ACTION ITEM: When you reach the line that contains "England Take Control" below, transcribe it and each line after it word for word to the end of the records, omitting pictures.

Short web captions
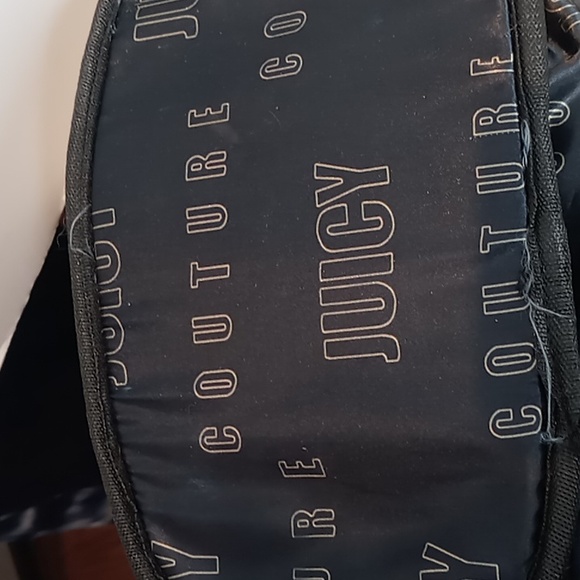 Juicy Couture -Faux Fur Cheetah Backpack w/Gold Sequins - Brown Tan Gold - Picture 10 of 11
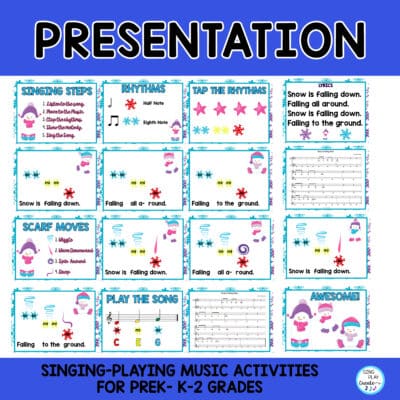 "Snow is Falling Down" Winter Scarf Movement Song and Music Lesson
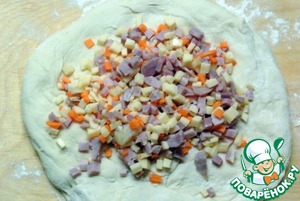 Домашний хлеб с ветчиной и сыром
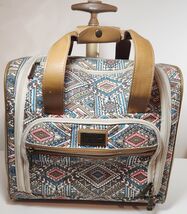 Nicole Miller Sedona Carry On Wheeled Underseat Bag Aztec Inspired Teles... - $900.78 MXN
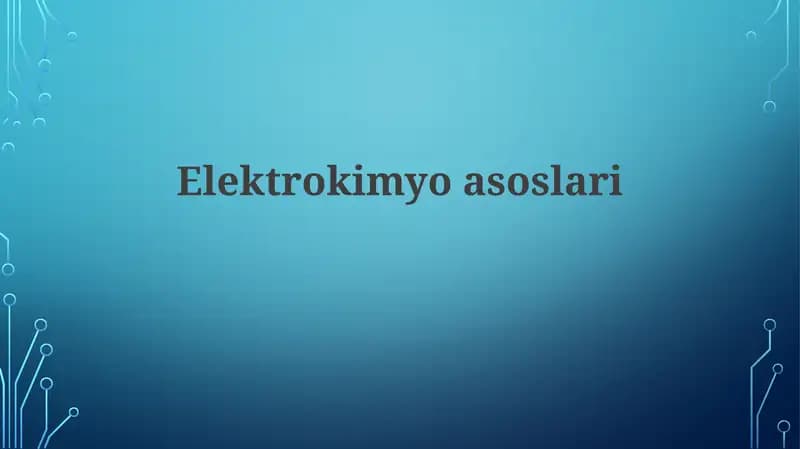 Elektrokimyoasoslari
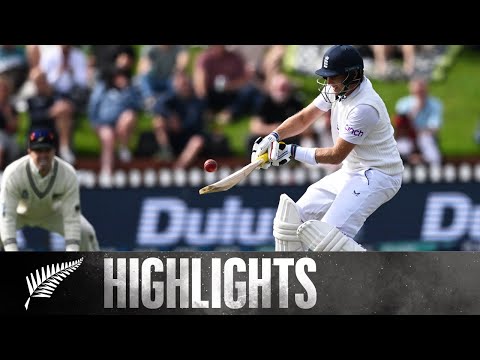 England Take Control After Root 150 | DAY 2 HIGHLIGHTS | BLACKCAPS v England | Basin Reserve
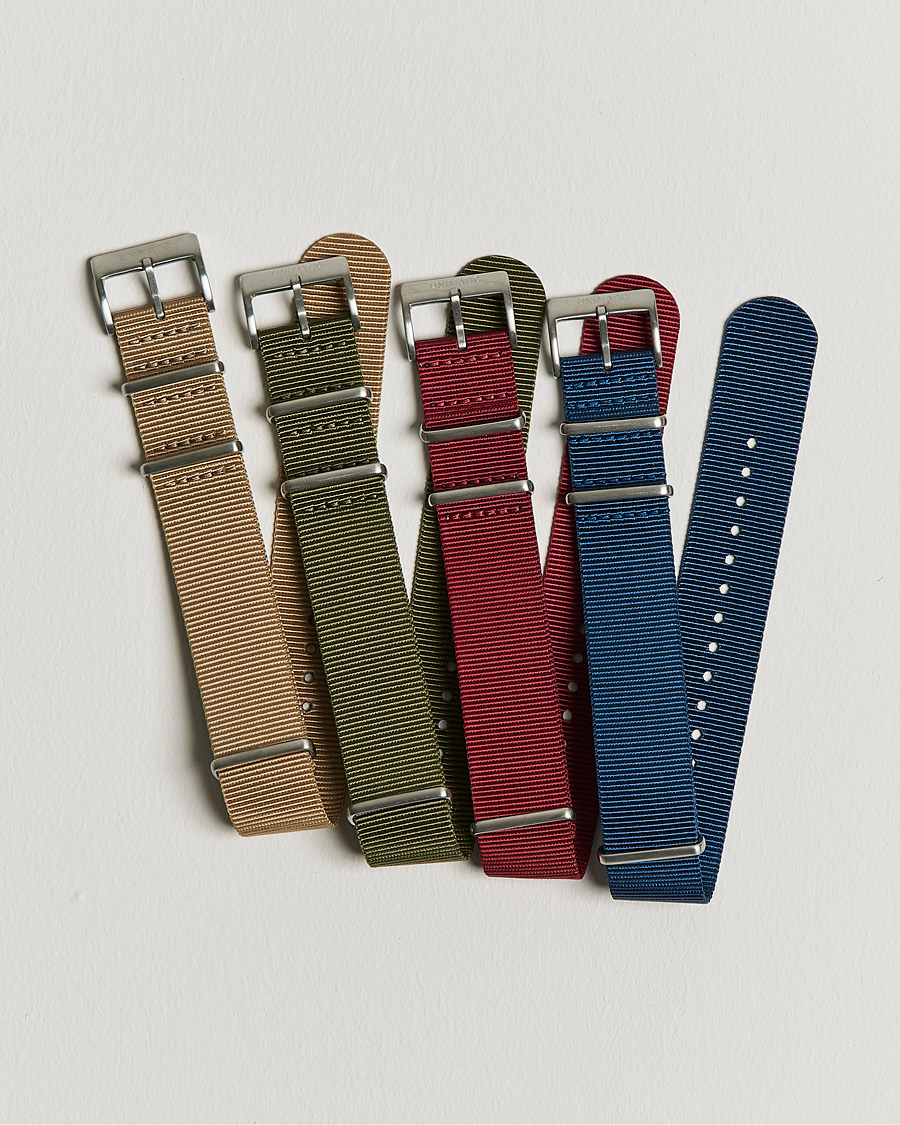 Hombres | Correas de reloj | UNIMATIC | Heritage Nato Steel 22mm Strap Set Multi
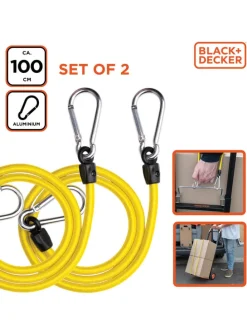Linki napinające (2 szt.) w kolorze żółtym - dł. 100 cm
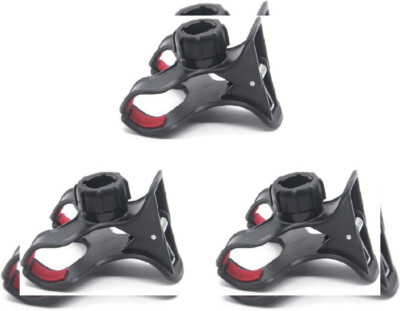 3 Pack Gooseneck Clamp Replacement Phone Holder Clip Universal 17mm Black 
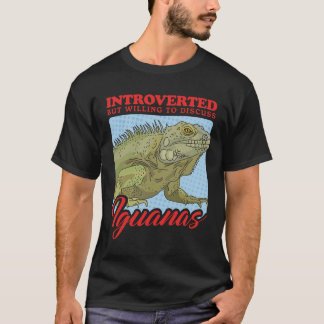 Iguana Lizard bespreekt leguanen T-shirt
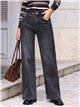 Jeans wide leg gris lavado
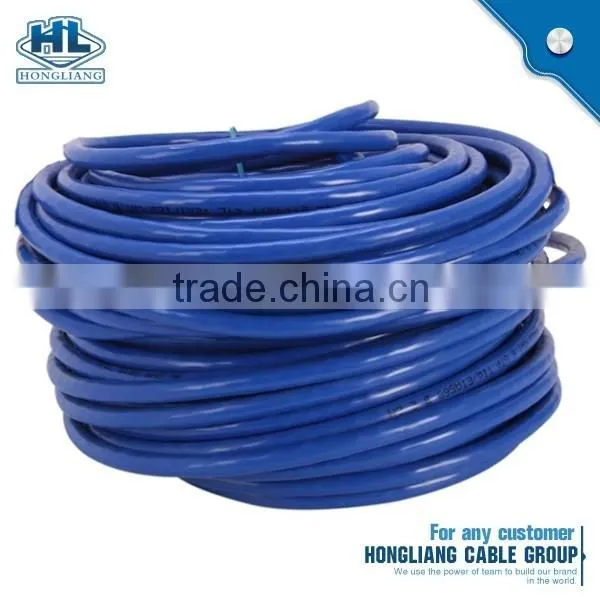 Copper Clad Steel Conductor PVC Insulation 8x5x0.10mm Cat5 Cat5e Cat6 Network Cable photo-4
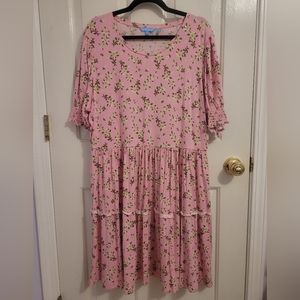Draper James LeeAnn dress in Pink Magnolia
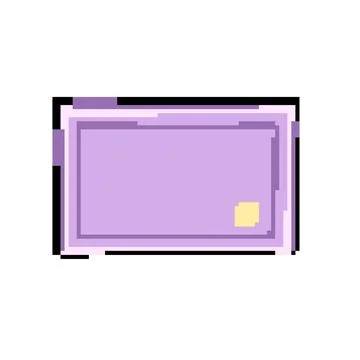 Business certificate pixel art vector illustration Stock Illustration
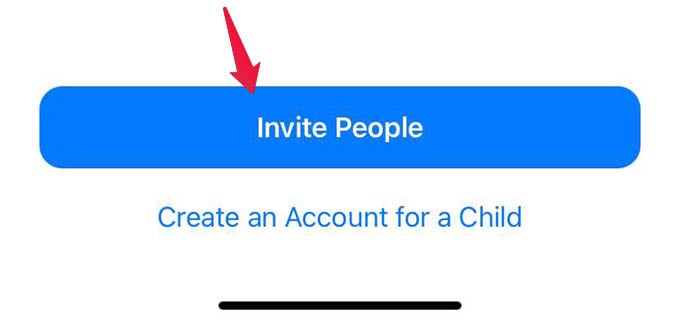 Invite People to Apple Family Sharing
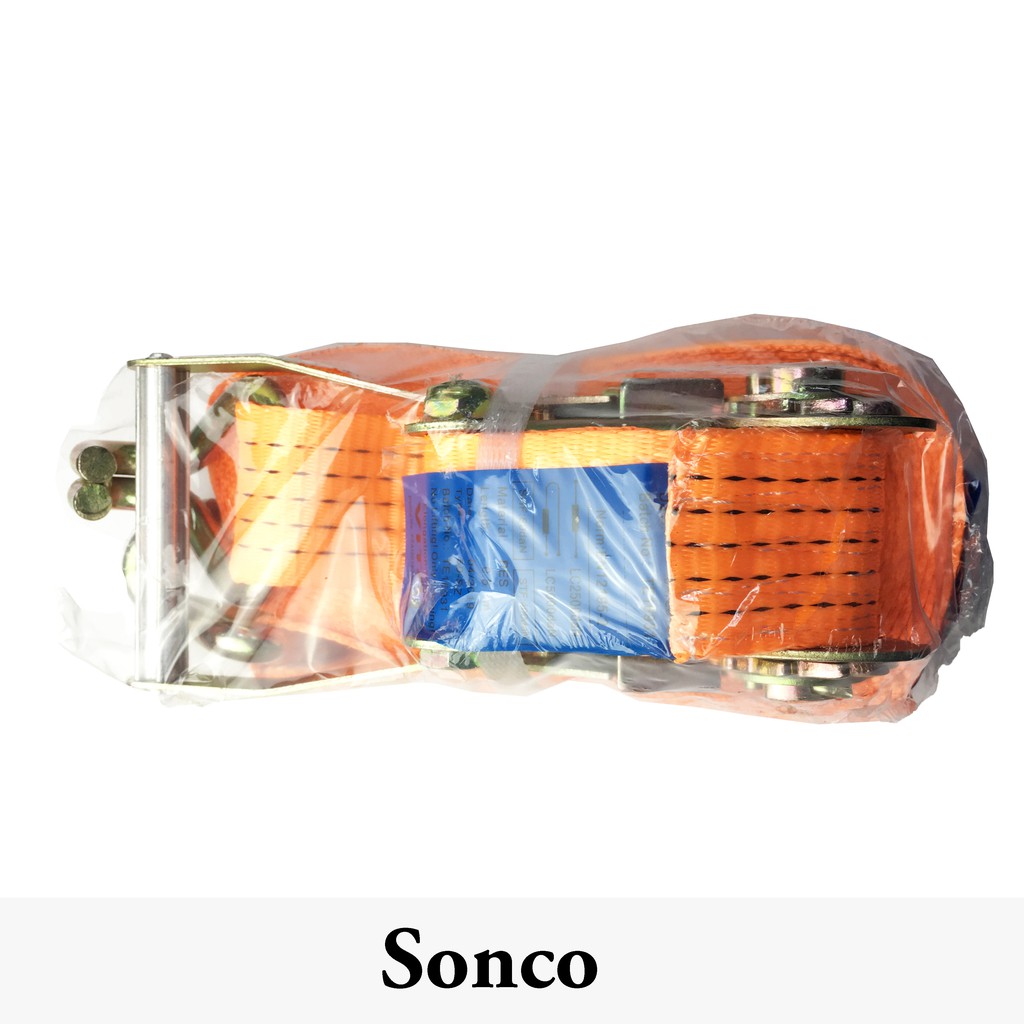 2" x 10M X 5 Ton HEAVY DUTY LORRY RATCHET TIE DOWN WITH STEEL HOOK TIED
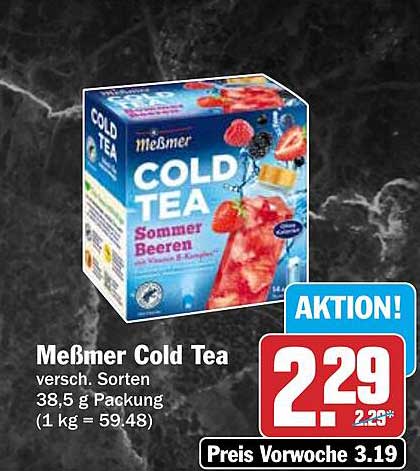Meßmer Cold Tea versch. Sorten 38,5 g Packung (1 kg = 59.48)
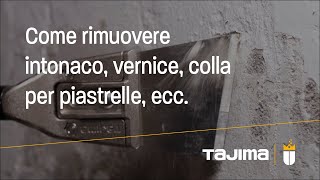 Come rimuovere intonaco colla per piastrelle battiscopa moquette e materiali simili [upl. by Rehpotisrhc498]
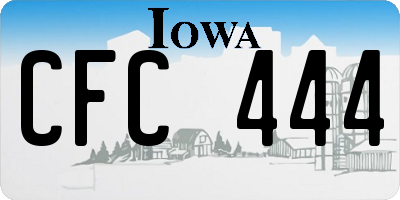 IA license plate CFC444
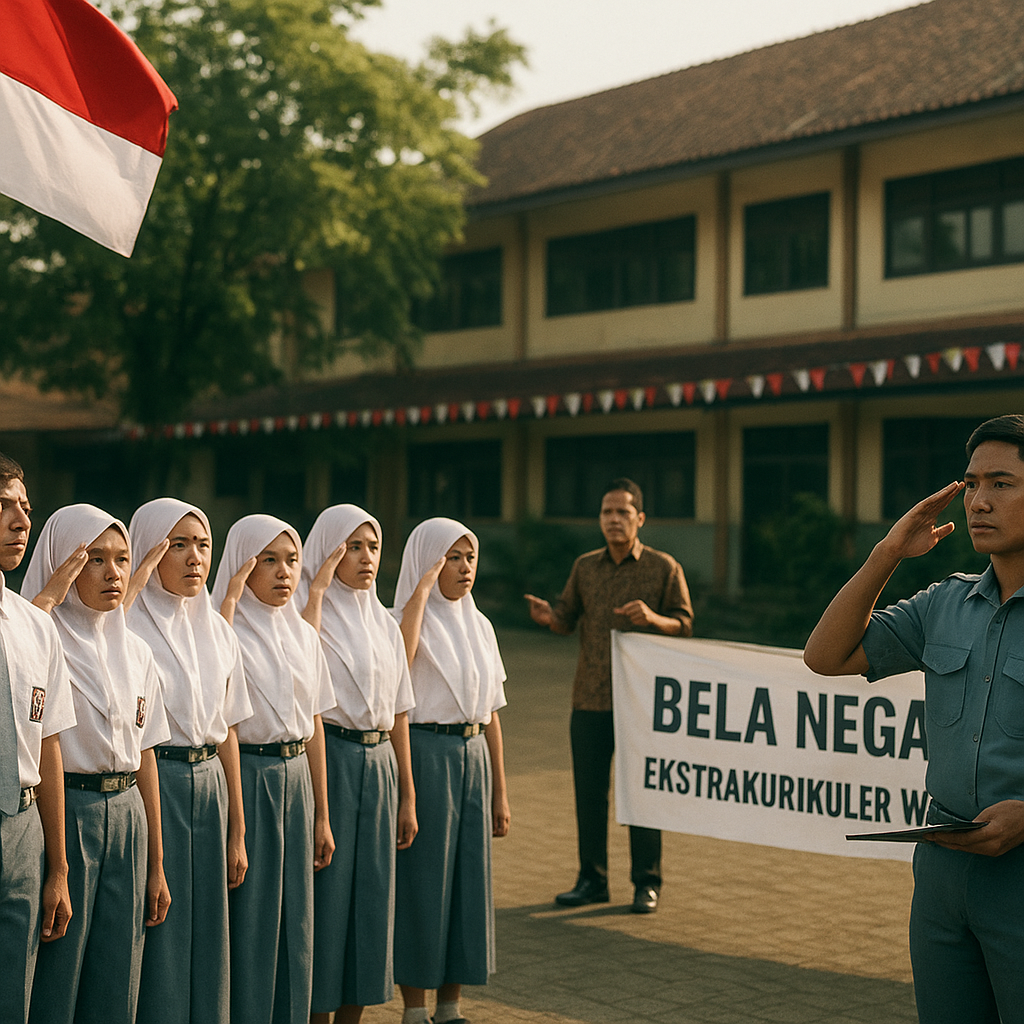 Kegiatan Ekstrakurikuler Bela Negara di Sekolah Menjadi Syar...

ANSWER SPACE:
 England Take Control After Root 150 | DAY 2 HIGHLIGHTS | BLACKCAPS v England | Basin Reserve
 Hombres | Correas de reloj | UNIMATIC | Heritage Nato Steel 22mm Strap Set Multi
Linki napinające (2 szt.) w kolorze żółtym - dł. 100 cm
 3 Pack Gooseneck Clamp Replacement Phone Holder Clip Universal 17mm Black 
 Iguana Lizard bespreekt leguanen T-shirt
 Jeans wide leg gris lavado
 Copper Clad Steel Conductor PVC Insulation 8x5x0.10mm Cat5 Cat5e Cat6 Network Cable photo-4
Draper James LeeAnn dress in Pink Magnolia
 Business certificate pixel art vector illustration Stock Illustration
 Invite People to Apple Family Sharing
 2" x 10M X 5 Ton HEAVY DUTY LORRY RATCHET TIE DOWN WITH STEEL HOOK TIED
Meßmer Cold Tea versch. Sorten 38,5 g Packung (1 kg = 59.48)
 Come rimuovere intonaco colla per piastrelle battiscopa moquette e materiali simili [upl. by Rehpotisrhc498]
 IA license plate CFC444
 Kegiatan Ekstrakurikuler Bela Negara di Sekolah Menjadi Syar...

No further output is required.